Основной инициатор уехать в нашем доме всегда я. Сашина же идея в том, чтобы много-много ездить. Когда ты много ездишь, ты можешь оценить и понять то, что ты делаешь. До тех пор, пока я сама много не поездила, я не понимала, что наша галерея такое уникальное место. Когда ты много путешествуешь, то видишь, насколько редко встречаются действительно крутые места.
— Какие у тебя планы на жизнь?
— О моих планах на жизнь нужно спрашивать у следователя. Не я сейчас управляю своими планами, к сожалению.
— После репрессий, которые сейчас применяют к вашей семье, изменится ли ваша точка зрения насчет отъезда?
— Как и первого ребенка, я планировала рожать не в Беларуси. На этот раз я хотела после родов остаться на некоторое время в стране, где я могу быть спокойна за своих детей. Эти намерения не включали Сашу. Он собирался оставаться в Минске, даже если бы я уехала с детьми, он бы ездил туда-обратно.
Повлияют ли нынешние события, связанные со мной и Сашей на то, в какой стране мы будем жить? Сейчас мой ответ однозначный — я не хочу жить в этой стране. Даже когда в ней что-то изменится. Те, кто бьют людей, те, кто вызывают ОМОН на наблюдателей — они никуда не денутся, они здесь будут жить. А я не хочу жить с ними даже на одной территории.
Количество людей, замазанных в крови такое, что эту страну нужно будет строить заново. И я с огромным уважением буду относиться ко всем, кто будет это делать. Но я это не буду делать, я хочу жить. И я не считаю, что это здрада, предательство, эмиграция. Это мое право, как человека. Я вежливо общаюсь с теми, кто «исполняет функцию», как-то так они себе это объясняют, показывая на портрет Лукашенко и на герб за спиной, — «ну вы же понимаете, мы же исполняем функцию». Но я даже не хочу знать людей, исполняющих функцию. Не хочу сталкиваться с ним каждый день. Они же не изменятся за секунду, они просто будут ждать нового приказа.

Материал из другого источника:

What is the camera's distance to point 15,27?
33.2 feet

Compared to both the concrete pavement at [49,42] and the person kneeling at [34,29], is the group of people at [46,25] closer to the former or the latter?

Если ты спросишь про мой ночной кошмар, то это здесь болеть и здесь рожать. Родить — не самая большая проблема, рожу. Но я лечила своего ребенка в Израиле и Германии, я знаю минусы и плюсы врачебной практике там и здесь, к сожалению, не понаслышке. Да, черт с ней, с практикой, мы все, в конце концов все еще свидетели лютой лжи о ковиде.

— Саша поддержит тебя в этом решении, как ты считаешь?
— Нет, я думаю Саша не поддержит меня в этом решении.
Конечно, когда в Беларуси что-то изменится, она расцветет за короткое время. Она маленькая, ее легко изменить. И он из тех, кто меняет. И знает как. Это мегакрутая задача, как раз как он любит.
С другой стороны, несмотря на весь ад ситуации, я сейчас чувствую себя окутанной любовью и заботой. Не только волшебных друзей, которые помогают с передачами, привозят мне фрукты или бесконечно предлагают посидеть с Аделькой. Но и фактически далеких от меня людей: учителей моей дочери, врачей, Сашиных коллег и клиентов. И когда я думаю, что страна — это мы, я все больше верю в нас, и по этой логике — в страну.